== Raw data

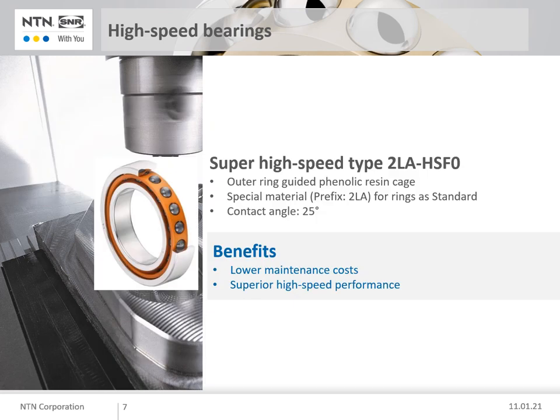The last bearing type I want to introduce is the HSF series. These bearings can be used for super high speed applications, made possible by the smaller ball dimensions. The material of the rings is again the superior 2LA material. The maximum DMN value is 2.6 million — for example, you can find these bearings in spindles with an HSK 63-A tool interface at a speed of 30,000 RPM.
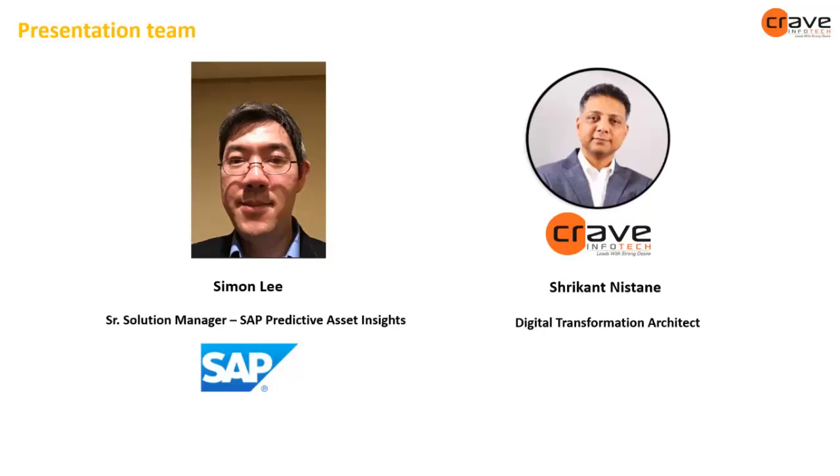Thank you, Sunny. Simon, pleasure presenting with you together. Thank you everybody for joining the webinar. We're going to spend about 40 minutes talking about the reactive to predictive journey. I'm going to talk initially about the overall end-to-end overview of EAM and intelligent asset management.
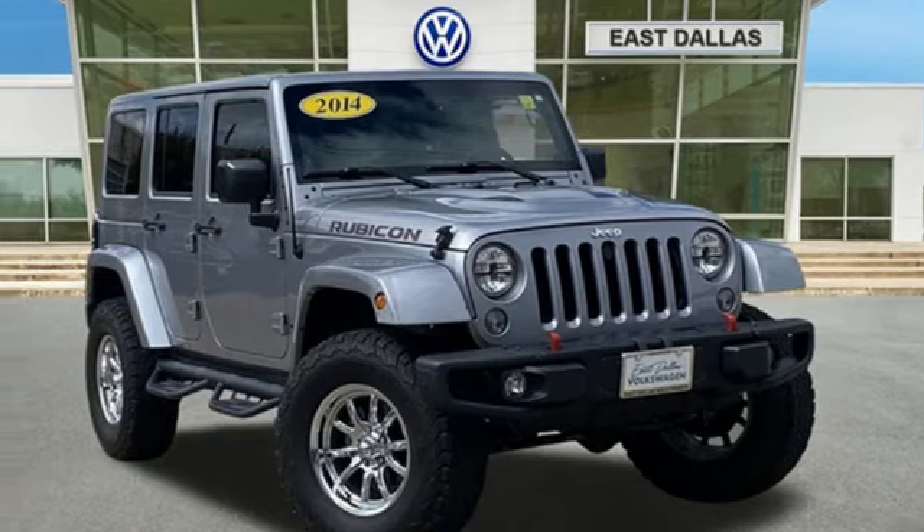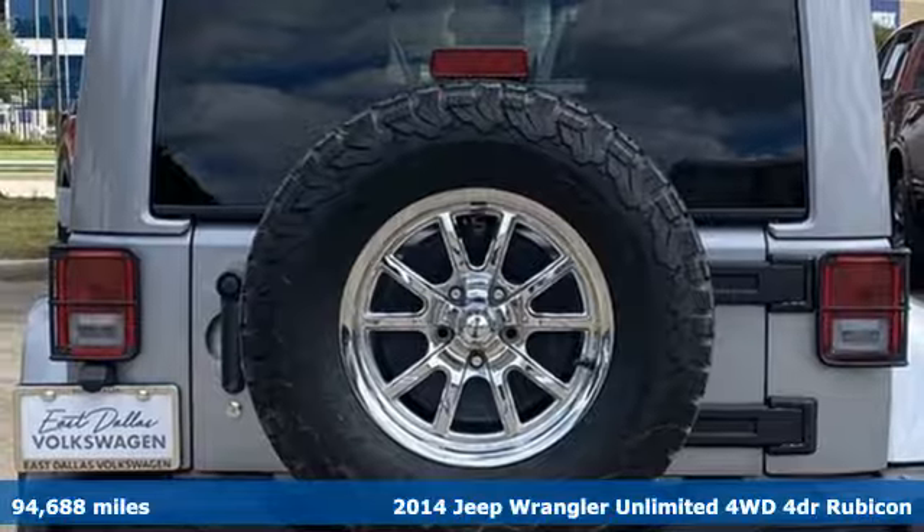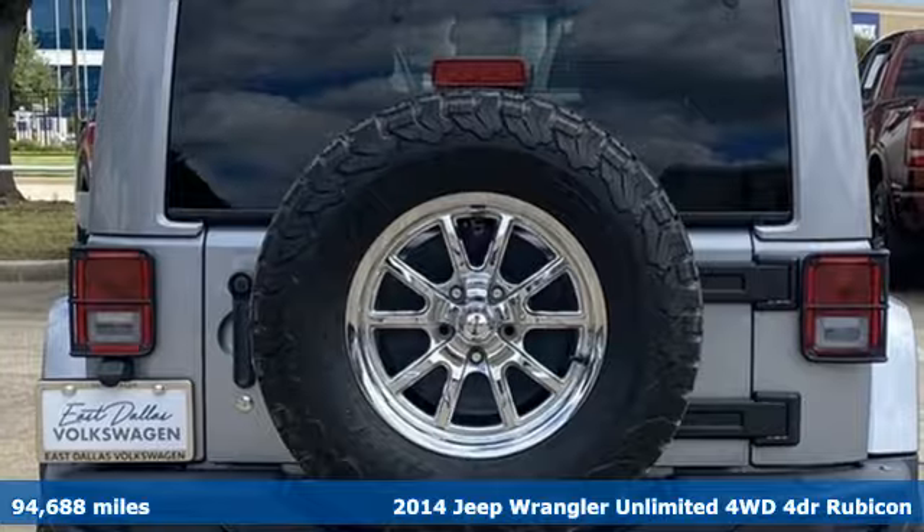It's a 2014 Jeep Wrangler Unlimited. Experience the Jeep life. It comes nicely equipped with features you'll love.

====

Exercise directions: Output all of the data word for word, excluding any pictures.

Answer space:
The last bearing type I want to introduce is the HSF series. These bearings can be used for super high speed applications, made possible by the smaller ball dimensions. The material of the rings is again the superior 2LA material. The maximum DMN value is 2.6 million — for example, you can find these bearings in spindles with an HSK 63-A tool interface at a speed of 30,000 RPM.
Thank you, Sunny. Simon, pleasure presenting with you together. Thank you everybody for joining the webinar. We're going to spend about 40 minutes talking about the reactive to predictive journey. I'm going to talk initially about the overall end-to-end overview of EAM and intelligent asset management.
It's a 2014 Jeep Wrangler Unlimited. Experience the Jeep life. It comes nicely equipped with features you'll love.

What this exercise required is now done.